Ayrıca bir kısım yazarlar, temel yem maddelerinin diyette noksanlığı veya fazlalığı (dengesizlik-imbalances) söz konusu olduğunda, ortaya çıkan durum için Beslenme dengesizliği (nutritional imbalances) ifadesini kullanmayı uygun bulmaktadırlar.

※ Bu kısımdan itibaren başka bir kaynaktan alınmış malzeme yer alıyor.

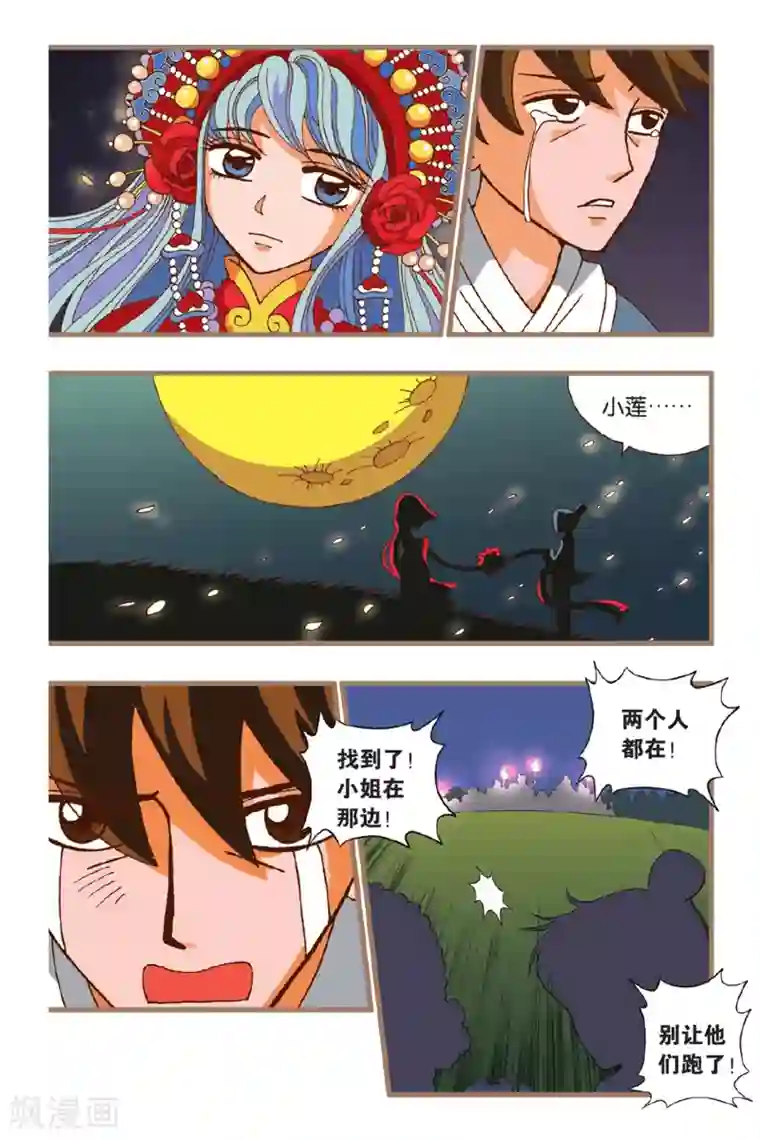 花卷Y传第43话 水生莲花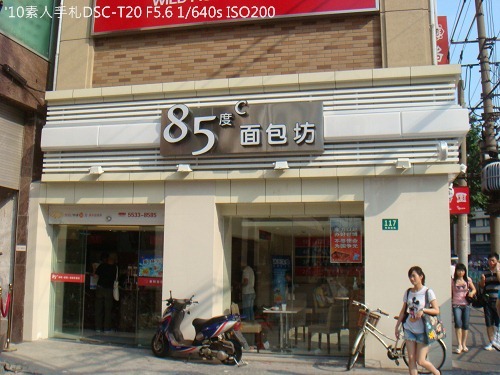 20100801018 20100801018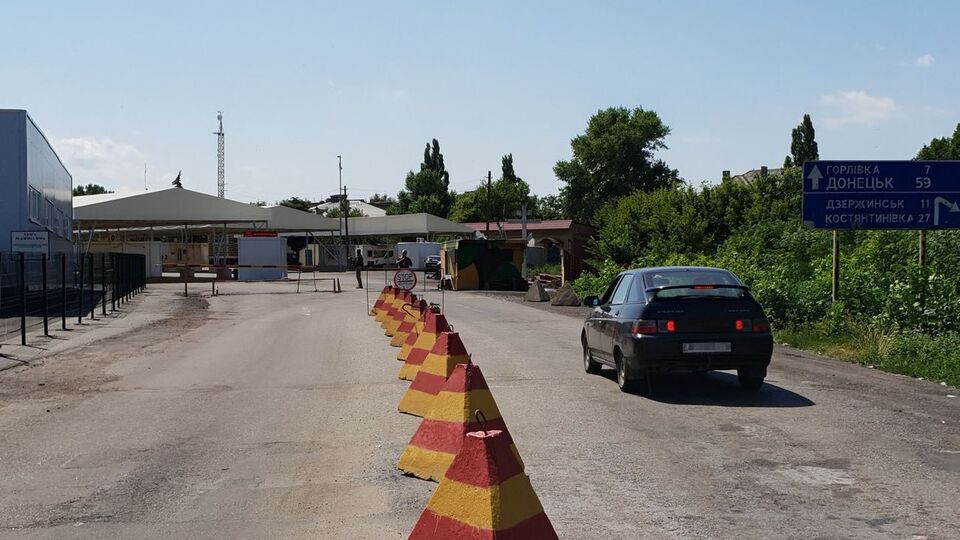 Новые правила должны были вступить в силу с 29 октября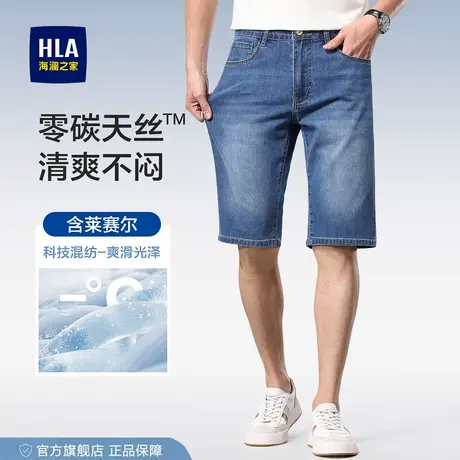 海澜之家夏季薄款莱赛尔天丝牛仔短裤男宽松直筒中裤外穿五分裤子商品大图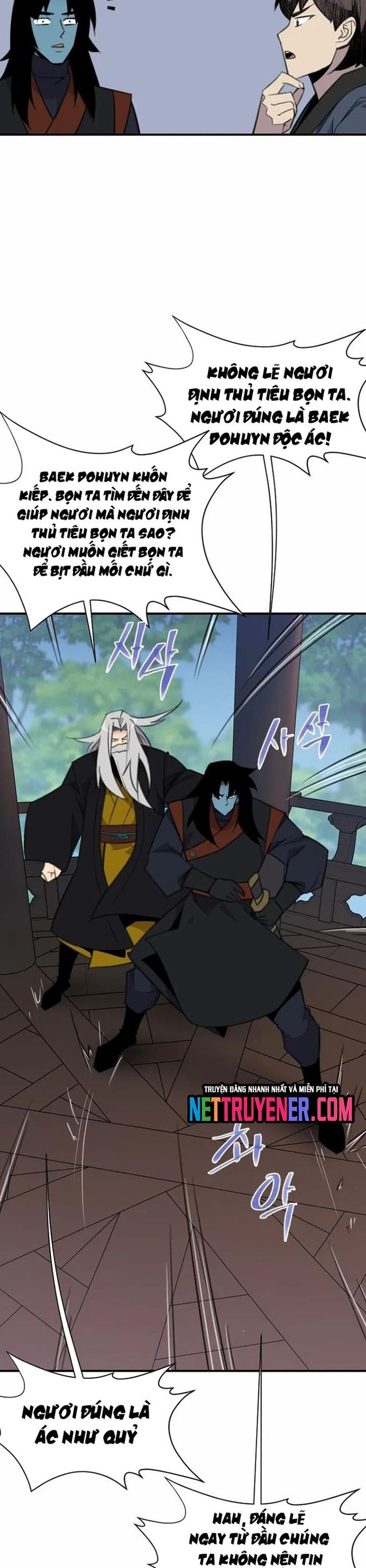 Kẻ Mạnh Nhất Lịch Sử Chapter 176 - 40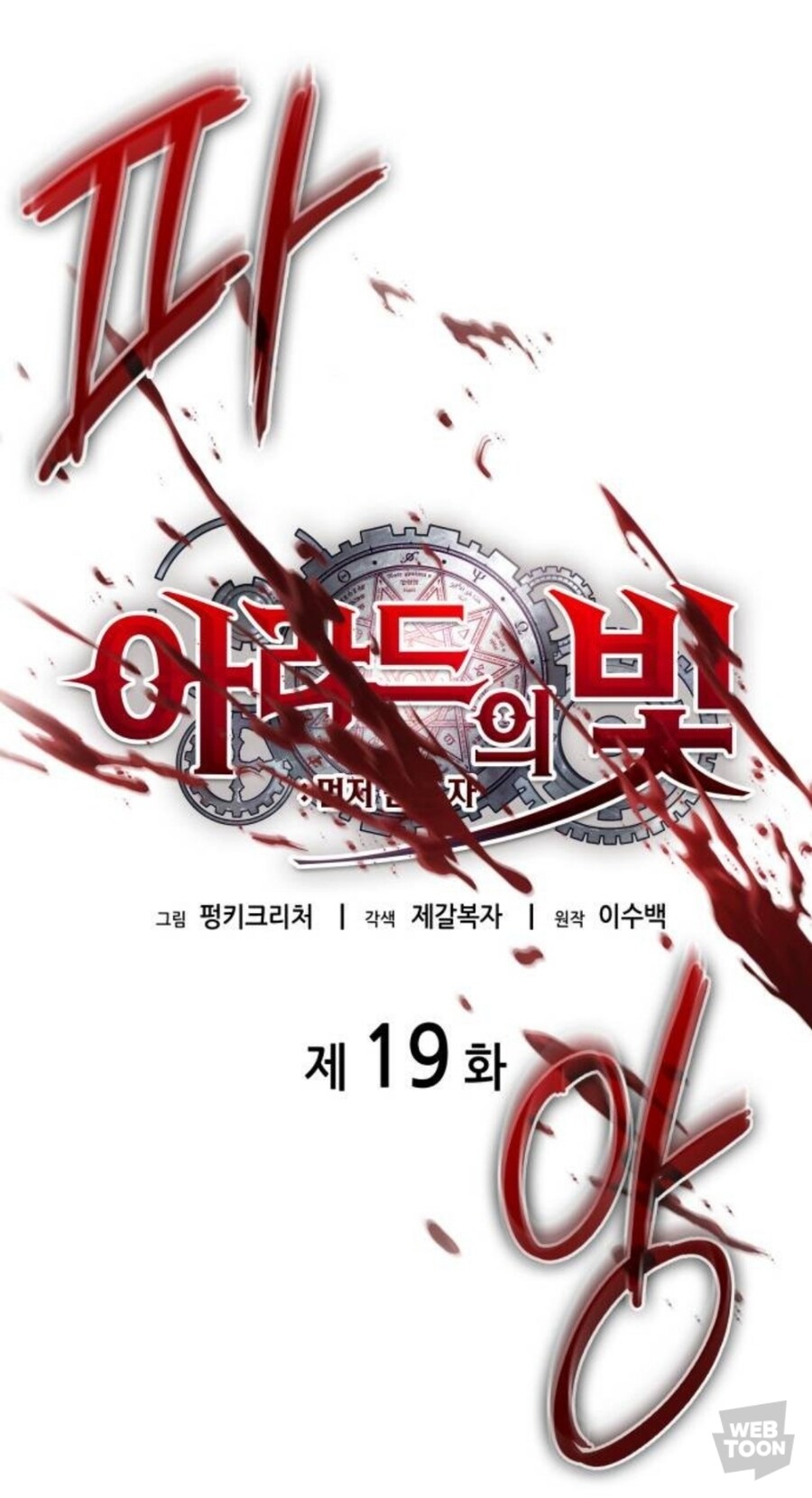작가가 원작 캐릭에 꽂히면 일어나는 일_27.jpg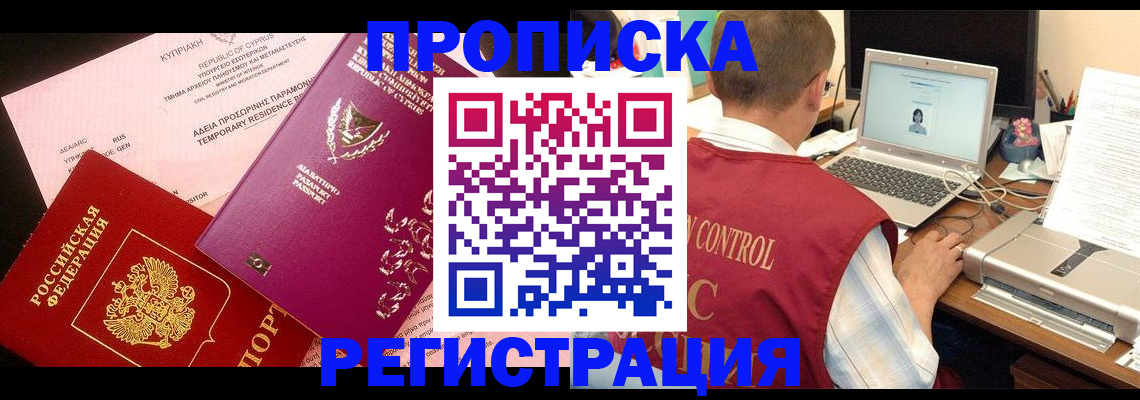 прописка для военкомата в Тейково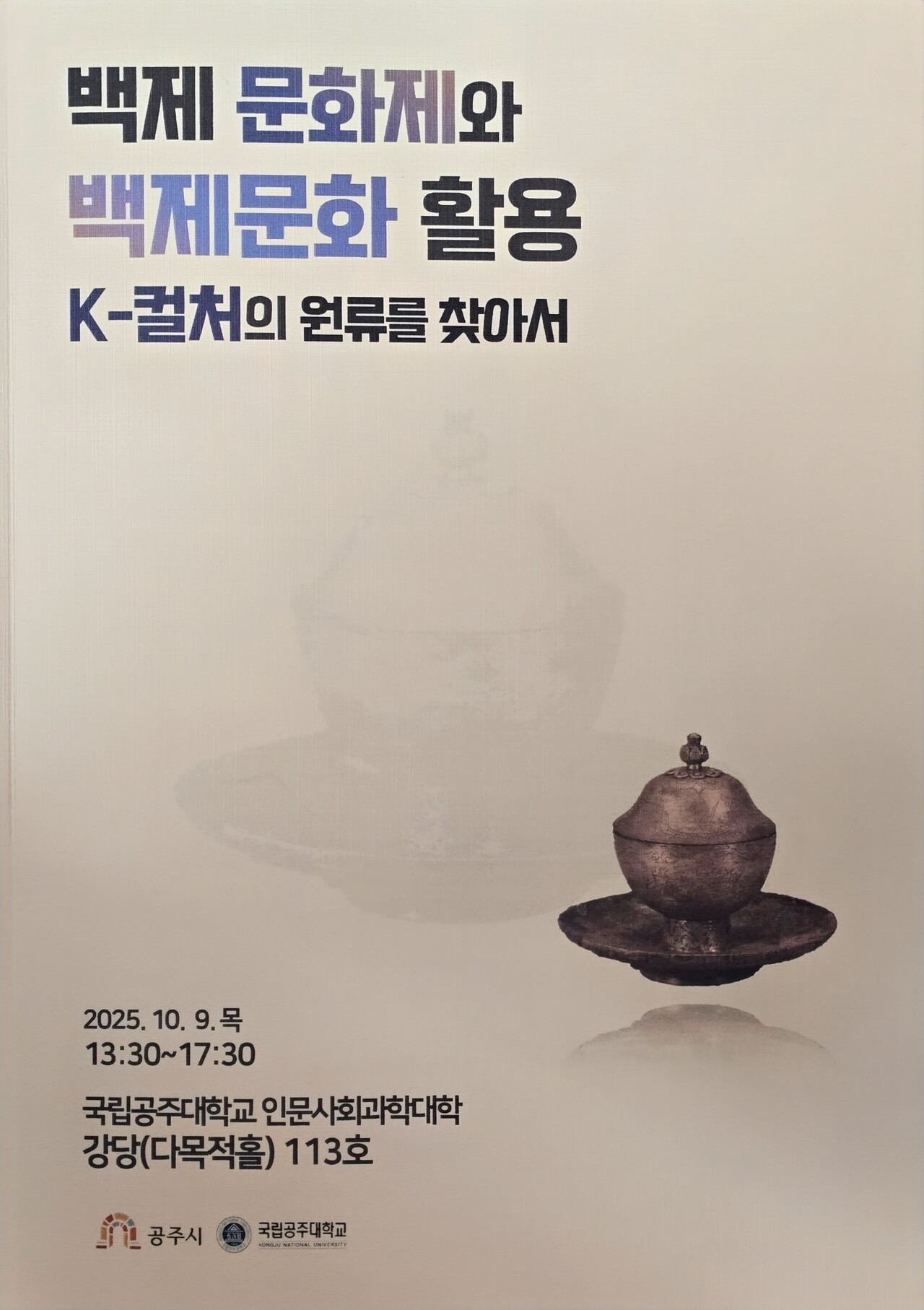백제문화제와 백제문화 활용 : K컬처의 원류를 찾아서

Tüm yukardaki değişik adlandırmalarla birlikte, bir hekim gözü ve düşüncesi ile, temel besin maddelerinden birinin veya birkaçının diyette:
a) noksanlığından ileri gelen bir durum söz konusu ise, noksan olan maddenin vücuttaki fizyolojik ve biyokimyasal işlevlerinin yerine getirilememesi sonucu,
b) fazlalığı halinde, diğerlerine karşı zıt etki (antagonist) yaparak benzeri sonuca yol açması ile bir kısım hastalık bulguları ortaya çıkıyorsa bir “beslenme hastalıkları” söz konusu demektir. Beslenme hastalıklarının ortaya çıkışında diyette yer alan noksanlık ve fazlalık durumlarından başka, canlının fizyolojik dengesinin bozulması da rol oynamaktadır.